START Information supplied

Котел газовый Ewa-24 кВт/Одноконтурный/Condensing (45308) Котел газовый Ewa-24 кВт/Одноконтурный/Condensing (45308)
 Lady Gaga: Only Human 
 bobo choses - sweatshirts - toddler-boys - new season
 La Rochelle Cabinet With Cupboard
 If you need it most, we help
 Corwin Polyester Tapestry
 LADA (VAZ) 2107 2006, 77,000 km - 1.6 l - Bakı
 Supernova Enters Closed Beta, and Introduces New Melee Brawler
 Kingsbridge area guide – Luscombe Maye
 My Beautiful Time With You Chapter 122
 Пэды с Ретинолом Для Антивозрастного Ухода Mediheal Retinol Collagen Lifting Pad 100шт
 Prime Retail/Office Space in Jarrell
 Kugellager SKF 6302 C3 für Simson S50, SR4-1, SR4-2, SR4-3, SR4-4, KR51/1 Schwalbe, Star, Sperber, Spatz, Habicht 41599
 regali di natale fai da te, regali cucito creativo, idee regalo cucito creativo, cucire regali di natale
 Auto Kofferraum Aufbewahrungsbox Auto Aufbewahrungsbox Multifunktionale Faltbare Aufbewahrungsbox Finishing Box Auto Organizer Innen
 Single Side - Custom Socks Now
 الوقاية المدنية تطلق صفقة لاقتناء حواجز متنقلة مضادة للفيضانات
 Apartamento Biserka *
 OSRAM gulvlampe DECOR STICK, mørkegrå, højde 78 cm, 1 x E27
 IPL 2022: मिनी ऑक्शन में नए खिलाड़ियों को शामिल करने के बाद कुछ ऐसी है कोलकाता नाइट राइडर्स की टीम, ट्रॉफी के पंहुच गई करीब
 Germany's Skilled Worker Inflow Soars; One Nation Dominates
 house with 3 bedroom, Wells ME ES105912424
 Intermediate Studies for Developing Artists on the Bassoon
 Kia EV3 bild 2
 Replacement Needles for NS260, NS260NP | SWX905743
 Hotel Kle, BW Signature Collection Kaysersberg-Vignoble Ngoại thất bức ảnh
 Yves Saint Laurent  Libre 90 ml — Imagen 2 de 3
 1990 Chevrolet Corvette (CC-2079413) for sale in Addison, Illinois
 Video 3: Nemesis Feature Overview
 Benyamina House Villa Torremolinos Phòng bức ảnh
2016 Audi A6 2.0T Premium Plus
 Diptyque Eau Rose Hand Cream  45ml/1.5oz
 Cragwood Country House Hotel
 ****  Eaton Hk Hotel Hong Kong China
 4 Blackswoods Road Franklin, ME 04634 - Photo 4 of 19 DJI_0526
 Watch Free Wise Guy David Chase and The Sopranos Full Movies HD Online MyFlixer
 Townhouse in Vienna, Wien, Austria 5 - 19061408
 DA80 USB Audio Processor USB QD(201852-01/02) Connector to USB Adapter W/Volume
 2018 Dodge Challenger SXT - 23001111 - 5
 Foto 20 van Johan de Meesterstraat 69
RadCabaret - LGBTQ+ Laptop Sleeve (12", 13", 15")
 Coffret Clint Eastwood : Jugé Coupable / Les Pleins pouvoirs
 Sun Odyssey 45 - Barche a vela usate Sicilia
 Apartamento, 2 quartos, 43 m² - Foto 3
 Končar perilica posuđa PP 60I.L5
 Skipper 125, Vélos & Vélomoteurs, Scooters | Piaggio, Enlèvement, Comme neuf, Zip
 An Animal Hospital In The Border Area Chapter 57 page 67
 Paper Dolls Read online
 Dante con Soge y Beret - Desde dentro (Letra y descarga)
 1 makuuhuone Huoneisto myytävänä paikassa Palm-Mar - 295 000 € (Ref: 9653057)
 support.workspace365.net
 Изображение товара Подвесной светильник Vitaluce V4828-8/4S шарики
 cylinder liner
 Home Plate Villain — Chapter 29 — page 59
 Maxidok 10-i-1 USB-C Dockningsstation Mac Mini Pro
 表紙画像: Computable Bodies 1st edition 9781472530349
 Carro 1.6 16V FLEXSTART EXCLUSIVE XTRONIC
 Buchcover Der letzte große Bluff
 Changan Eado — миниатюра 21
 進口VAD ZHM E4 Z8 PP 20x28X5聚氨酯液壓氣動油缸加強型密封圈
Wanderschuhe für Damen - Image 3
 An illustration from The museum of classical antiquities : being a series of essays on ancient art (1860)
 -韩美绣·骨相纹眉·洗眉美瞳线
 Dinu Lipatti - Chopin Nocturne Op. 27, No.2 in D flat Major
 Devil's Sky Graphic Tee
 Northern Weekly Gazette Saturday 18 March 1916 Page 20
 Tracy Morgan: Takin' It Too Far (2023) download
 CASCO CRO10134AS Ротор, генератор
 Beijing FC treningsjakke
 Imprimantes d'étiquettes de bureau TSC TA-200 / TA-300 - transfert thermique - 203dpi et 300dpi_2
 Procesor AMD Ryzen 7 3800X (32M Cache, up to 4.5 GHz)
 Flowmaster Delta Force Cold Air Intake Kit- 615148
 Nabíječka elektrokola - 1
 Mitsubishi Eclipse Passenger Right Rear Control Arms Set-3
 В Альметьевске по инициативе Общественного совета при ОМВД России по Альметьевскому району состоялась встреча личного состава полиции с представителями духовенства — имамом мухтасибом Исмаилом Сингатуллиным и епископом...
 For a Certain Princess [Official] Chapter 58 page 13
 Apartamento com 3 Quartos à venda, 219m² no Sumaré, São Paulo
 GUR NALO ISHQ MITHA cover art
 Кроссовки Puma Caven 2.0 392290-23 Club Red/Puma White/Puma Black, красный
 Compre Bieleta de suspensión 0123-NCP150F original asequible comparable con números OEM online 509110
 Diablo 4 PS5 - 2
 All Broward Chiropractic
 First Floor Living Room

END Information supplied

Work required
In the listing, find all lines with the string "Hotel" and copy them.

Reply to the exercise
 Hotel Kle, BW Signature Collection Kaysersberg-Vignoble Ngoại thất bức ảnh
 Cragwood Country House Hotel
 ****  Eaton Hk Hotel Hong Kong China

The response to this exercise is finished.